2. A thermal reactor according to claim 1, wherein said seal ring means is movably affixed to said core to permit radial thermal expansion of said core relative to the inlet pipe.
3. A thermal reactor according to claim 2, wherein said inlet pipe consists of an outer member and an inner member secured to the outer member and extending into said core through said seal ring means, one end of said outer member being secured to said shell while the other end thereof is secured to the engine by a flange provided on the outer member.
Description
BACKGROUND OF THE INVENTION

This invention relates to a thermal reactor for treating exhaust gas from an engine of a motor vehicle.

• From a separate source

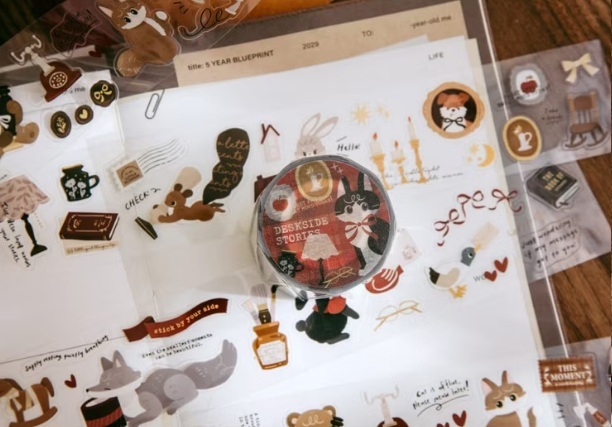 wwiinngg．桌邊故事集 4cm割型亮面PET膠帶 <整捲/分裝>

In conventional thermal reactors, it is necessary to arrange a shell and a core received therein such that they are permitted to deform relatively to each other due to thermal expansion thereby preventing their damages and that the core is supported in the shell to prevent generations of excessive vibrations and noises.

In order to solve the above technical problems, we have made various utility tests on the thermal reactor in which an inlet pipe attached to the shell is inserted into said core so as to slide relative thereto and an outlet pipe attached to the core is slidably supported in an outlet opening in the shell, in which the core designed as described above is located. As a result, it has been experienced that abnormal wear and unpleasant noises are generated at sliding portions between the shell and the core and between the outlet pipe and the shell because of vibrations of the engine and vibrations generated upon running of the vehicle, since said core is floatingly suspended within the shell. That is to say, the core, the shell, the inlet pipe, and the outlet pipe have no fixed portion which is a base point upon relative movements therebetween due to the thermal expansion. Therefore, the core is retained in floating condition within the shell to produce play on the sliding portion of each member by vibrations generated during running of the vehicle and operation of the engine, thereby causing vibrations and abnormal noises and further increasing wear at each sliding portion. Also, it has been experienced that the exhaust gas enters directly into a space between the core and the shell and then is discharged to the atmosphere without reburning of the exhaust gas within the core, because after a long period of use, play is produced at the sliding portions between the inlet pipe and an inlet portion of the core and between the outlet pipe and an outlet portion of the shell.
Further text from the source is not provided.